United Nations membership
- Membership: Full member
- Since: 24 October 1945
- Former name(s): United Arab Republic (1958–1971)
- UNSC seat: Non-permanent
- Permanent representative: Osama Abdel Khalek

= Egypt and the United Nations =

The Arab Republic of Egypt is one of the 51 founding members of the United Nations having signed the United Nations Conference on International Organization in 1945. Following a plebiscite in 1958, the United Arab Republic was established through the union of Egypt and Syria and continued as a single Member of the United Nations.
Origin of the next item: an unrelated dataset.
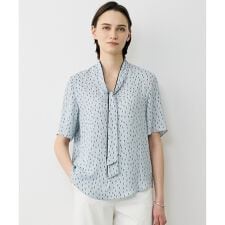 BackSatinAmunzen 5分袖配色ボウタイブラウス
On 13 October 1961, Syria resumed its status as an independent state and its separate membership in the United Nations. Egypt has been a non-permanent member of the UN Security Council for five terms (a total of 9 years), with the most recent being the 2016–17 term.

Egypt is a charter member of the United Nations and participates in all of its specialised agencies except for the Organisation for the Prohibition of Chemical Weapons. Egypt has contributed 1,635 troops to United Nations peacekeeping efforts as of 2024.

== Activities ==
=== Funding ===
The regular budget of the United Nations is financed through compulsory contributions from its member states. From 2022 to 2024, Egypt contributed 0.139% of the UN regular budget. This placed Egypt as the 59th nation by contribution amount.

=== Security Council ===
Egypt has held a non-permanent seat in the United Nations Security Council five times since its entry in 1945.

Security Council terms
| Election | Term |
|---|---|
| January 1946 | 1946 |
| 1948 | 1949–50 |
| 1983 | 1984–85 |
| 1995 | 1996–97 |
| 2015 | 2016–17 |

In addition, the United Arab Republic, a merger of Egypt and Syria, was elected at the 1961 United Nations Security Council election to serve from 1962–63.

=== Peacekeeping ===
As of September 2025, Egypt participates in five peacekeeping missions led by the UN.

Peacekeeping missions
| Region | Conflict | Mission | Personnel |
|---|---|---|---|
| Western Sahara | Western Sahara conflict | MINURSO | 14 |
| Central African Republic | Central African Republic Civil War | MINUSCA | 950 |
| DR Congo | Democratic Republic of the Congo–Rwanda conflict (2022–2025) | MONUSCO | 201 |
| Abyei | Abyei border conflict | UNISFA | 6 |
| South Sudan | South Sudanese Civil War | UNMISS | 40 |

== Positions held ==
Egypt has held one Secretary-General of the United Nations in Boutros Boutros-Ghali, who served for five years from 1992 to 1996. Five Egyptians have been President of the United Nations Security Council, and the nation has served on the United Nations Credentials Committee once in 2011.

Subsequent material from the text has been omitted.